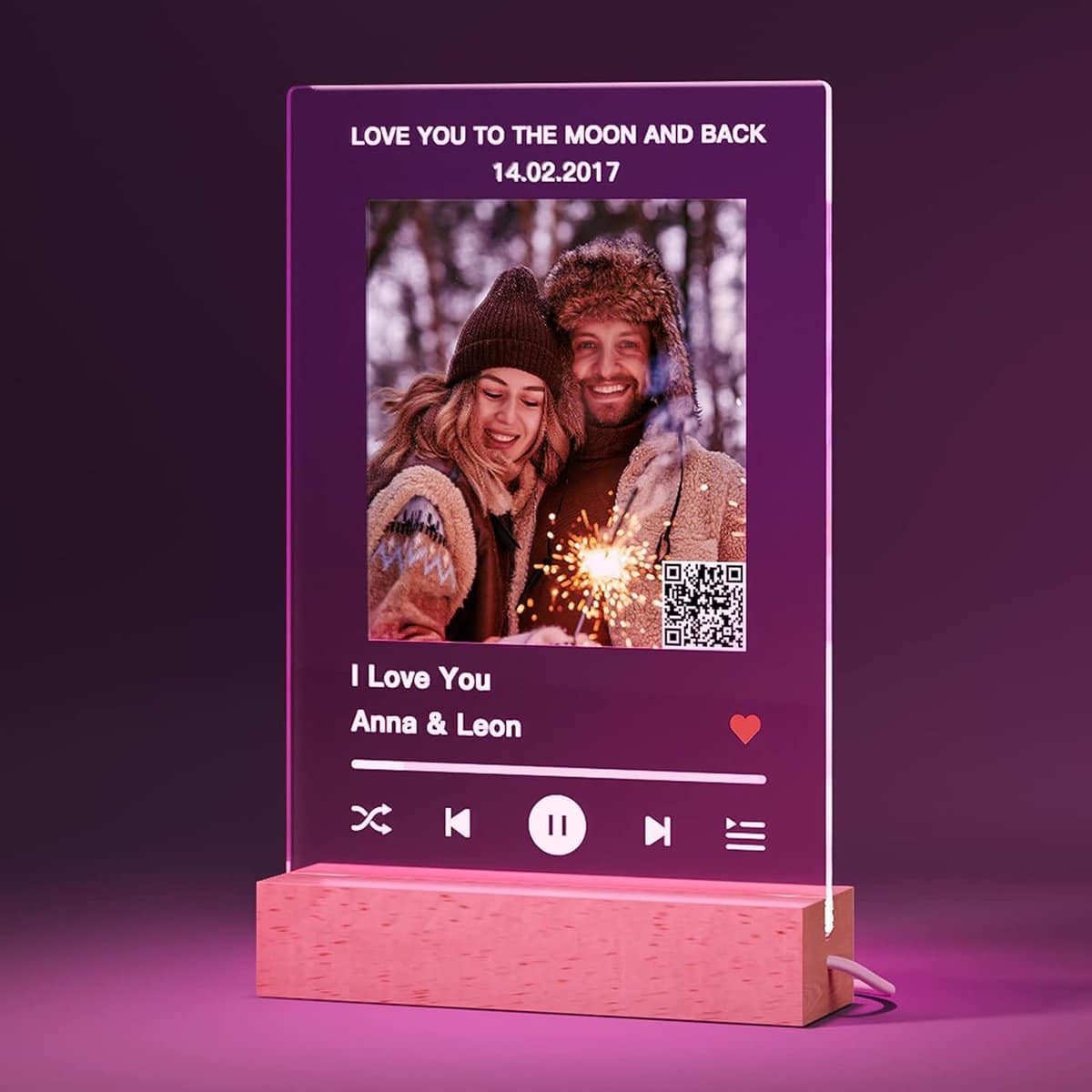 iDIY Placa Spotify Personalizada -Lámpara de Ambiente Placa Spotify Personalizada con Luz y QR Regalo Aniversario Pareja Regalo Mujer Hombre San Valentín Navidad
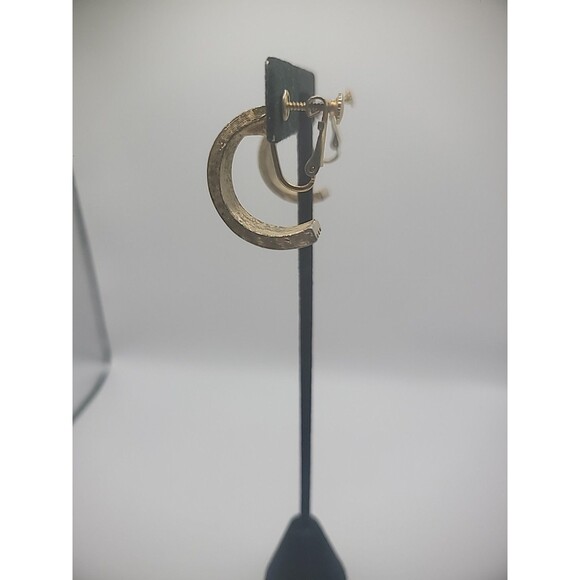 Vintage Napier Gold Tone Clip On Screw Back Earrings Womens Jewelry Costume - Picture 8 of 12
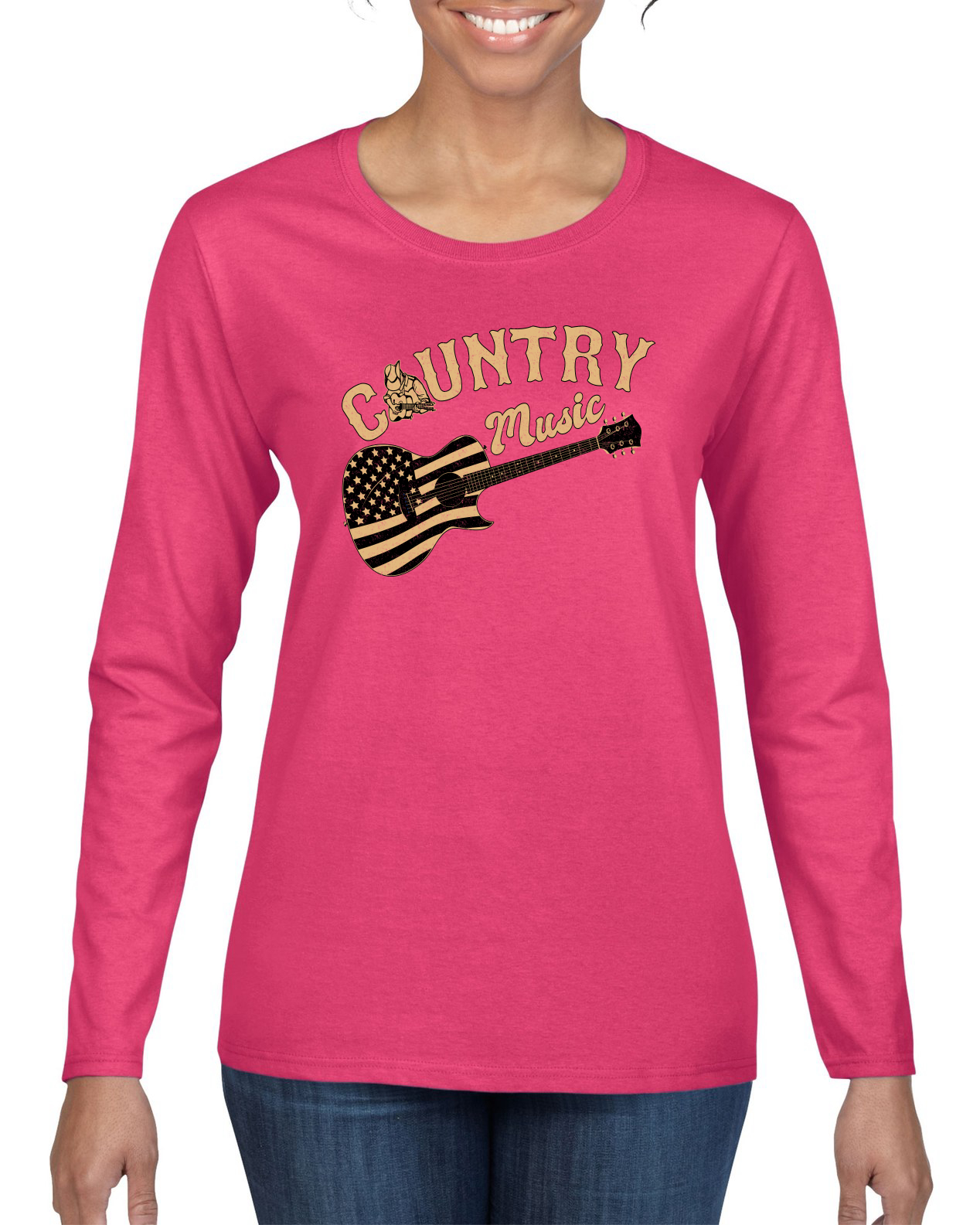 Guitarra vintage de música country bandera americana manga larga para mujer - Imagen 4 de 12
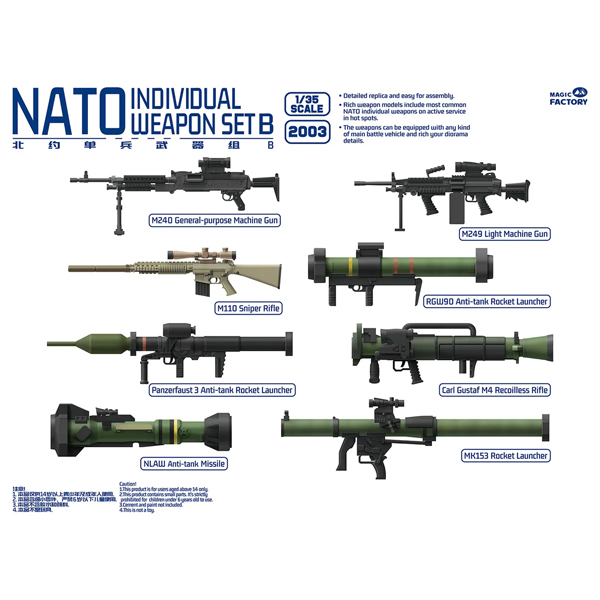 <font color=blue> 1/35 Nato Individual Weapon set B Sale :MGF2003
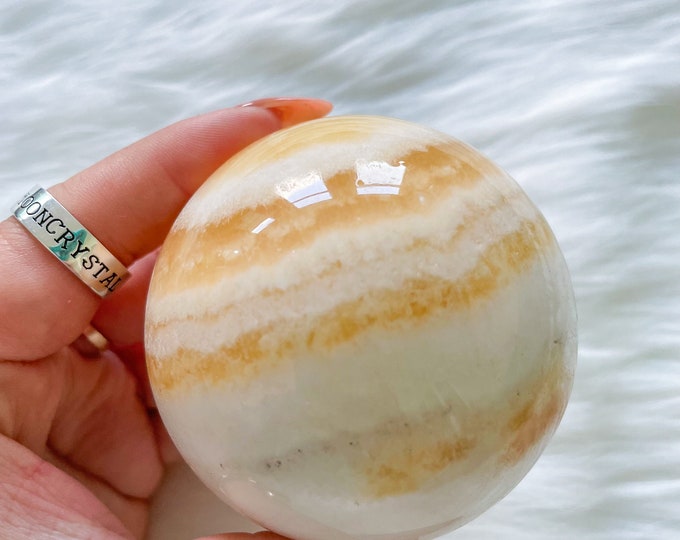 Premium Orange calcite crystal sphere healing crystal home decor |orange calcite sphere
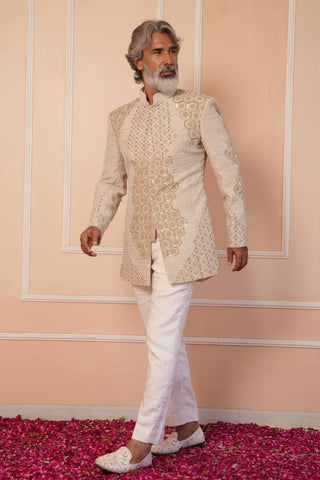 Beige dil se vaq zardosi jodhpuri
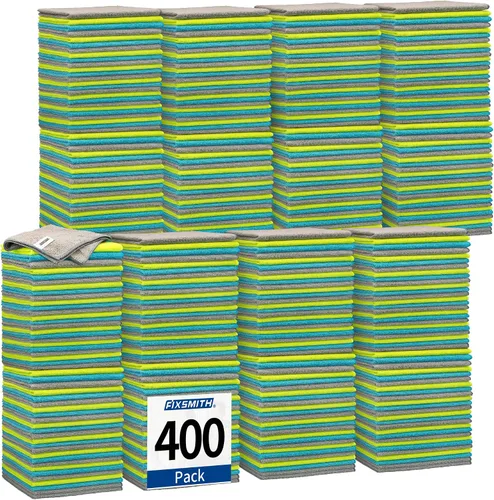 Miniatura 13 de FIXSMITH Paño de limpieza de microfibra, paquete de 12, toallas multifuncionales, tamaño: 12 x 16 pulgadas, trapos altamente absorbentes, sin 3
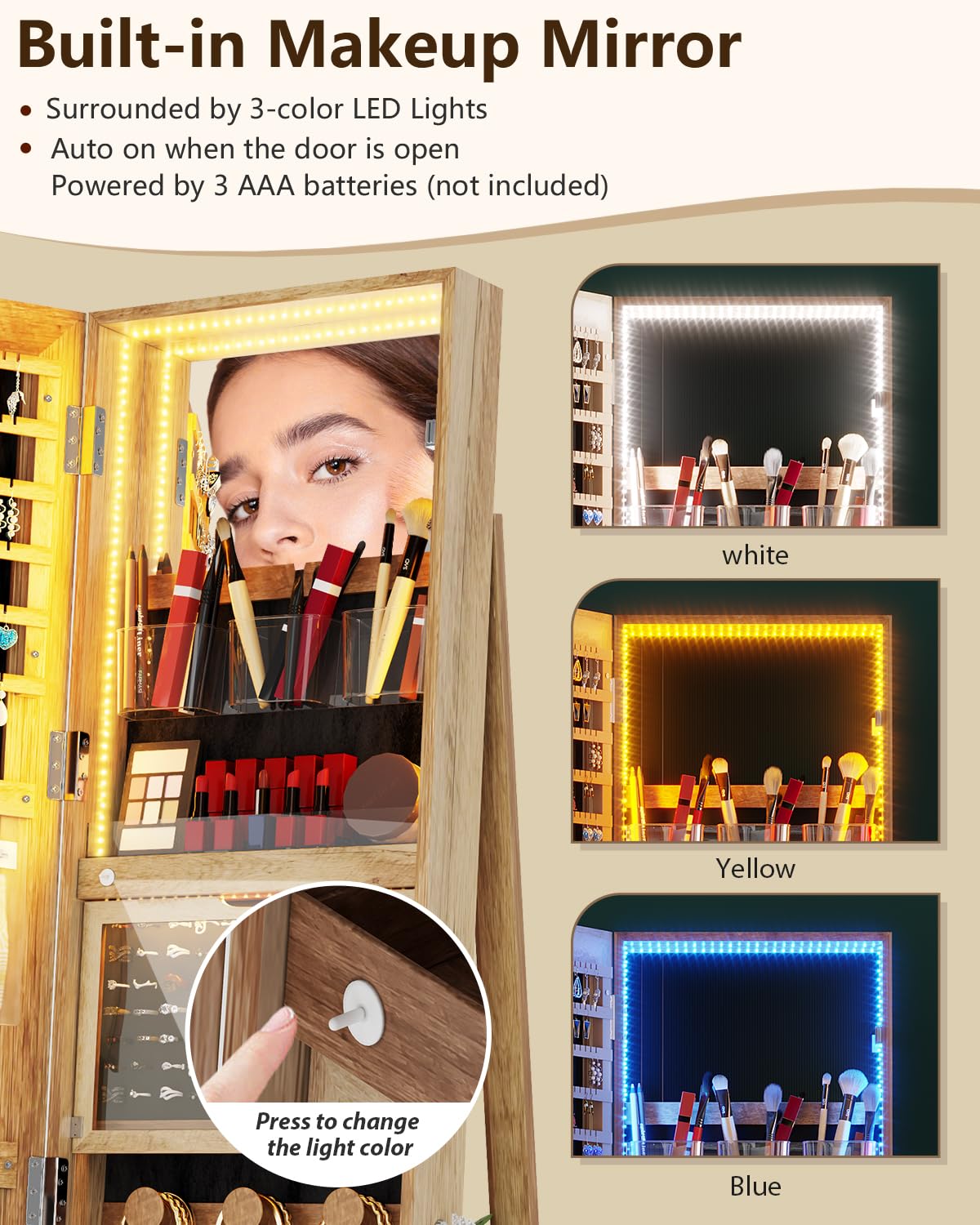 360° Rotating Jewelry Armoire with LED Lights - 63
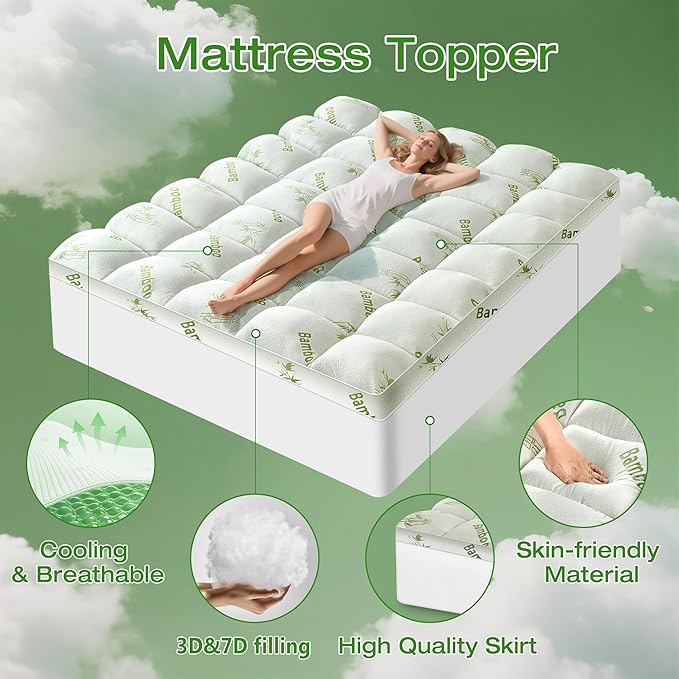 Mattress Topper King Size Viscose Derived from Bamboo, Thick Soft Pillow Top - Image 2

WHAT YOU WILL DO:
Beginning with the line that holds "Miniatura 13 de", output each line to the end of the material above, exactly, omitting the pictures.

TASK RESPONSE:
 Miniatura 13 de FIXSMITH Paño de limpieza de microfibra, paquete de 12, toallas multifuncionales, tamaño: 12 x 16 pulgadas, trapos altamente absorbentes, sin 3
 360° Rotating Jewelry Armoire with LED Lights - 63
 Mattress Topper King Size Viscose Derived from Bamboo, Thick Soft Pillow Top - Image 2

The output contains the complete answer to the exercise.